In January of 2001, Arkansas passed Act 1785 of 2001, to provide fair housing and fair lending enforcement within its borders. The law was amended over the next two years to allow Arkansas’s fair housing and fair lending laws to obtain substantial equivalency with federal legislation and qualify Arkansas to participate in U.S. Department of Housing and Urban Development’s (HUD) Fair Housing Assistance Program. During this period, HUD provided technical assistance and legal analysis to assist Arkansas in developing its fair housing law and create the Arkansas Fair Housing Commission – a regulatory body charged with investigating and resolving fair housing and fair lending complaints in Arkansas. In July of 2003, Arkansas enacted an amended fair housing law which provides substantially equivalent the same protections as the federal Fair Housing Act.
With the passage of Act 1785 of 2001, HUD recognized the Arkansas Fair Housing Act as being “substantially equivalent” to the federal Fair Housing Act and allowed Arkansas to join other States already participating in HUD’s Fair Housing Assistance Program.
In a ceremony held on August 20, 2003, HUD Assistant Secretary Carolyn Peoples joined Arkansas Governor Mike Huckabee and HUD FHEO Regional Director Garry Sweeney in celebrating the addition of the State of Arkansas to the Fair Housing Assistance Program.
Approximately 50 people attended the ceremony held at the State Capitol in Little Rock, Arkansas, including Little Rock Mayor Jim Dailey, members of the Arkansas Fair Housing Commission, representatives from the Arkansas Realtors Association, the Little Rock Racial and Cultural Diversity Commission, the National Association for the Advancement of Colored People and the HUD Little Rock field office.

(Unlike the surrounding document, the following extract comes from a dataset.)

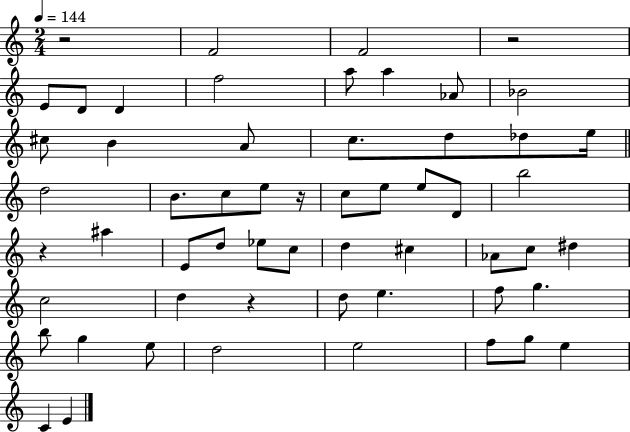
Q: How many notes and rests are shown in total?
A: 57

The Arkansas Fair Housing Commission held its first formal meeting at the State Capitol on September 16, 2003, and opened its first permanent office on June 1, 2003, at 101 E. Capitol Avenue, Suite 212, Little Rock, Arkansas. The Commission meets quarterly on the third Thursday of the month at 1:30 p.m..
In 2008, the Arkansas Fair Housing Commission graduated to a “contributions agency” status with the responsibility of processing 100% of all fair housing violations within the state. That year AFHC received nearly 200 fair housing complaints for alleged infractions occurring within the State’s borders and was responsible for resolving all of those complaints. Since 2008, the Commission has continued to see increases in fair housing and fair lending complaints throughout the state.
The Arkansas Fair Housing Commission is the only state agency in Arkansas specifically charged with fair housing and fair lending enforcement and education. As a state agency, AFHC is uniquely poised to enforce the Fair Housing Act and to cooperate with and provide technical and other assistance to federal, state, local and other public or private entities that are formulating or operating programs to prevent or eliminate discriminatory housing practices. Prior to enactment of state legislation, fair housing and fair lending violations were investigated at a regional as opposed to state/local level.
AFHC is a quasi-judicial, regulatory agency charged with enforcing fair housing and fair lending laws within the entire state and constitutes the sole civil rights enforcement agency within the state’s borders.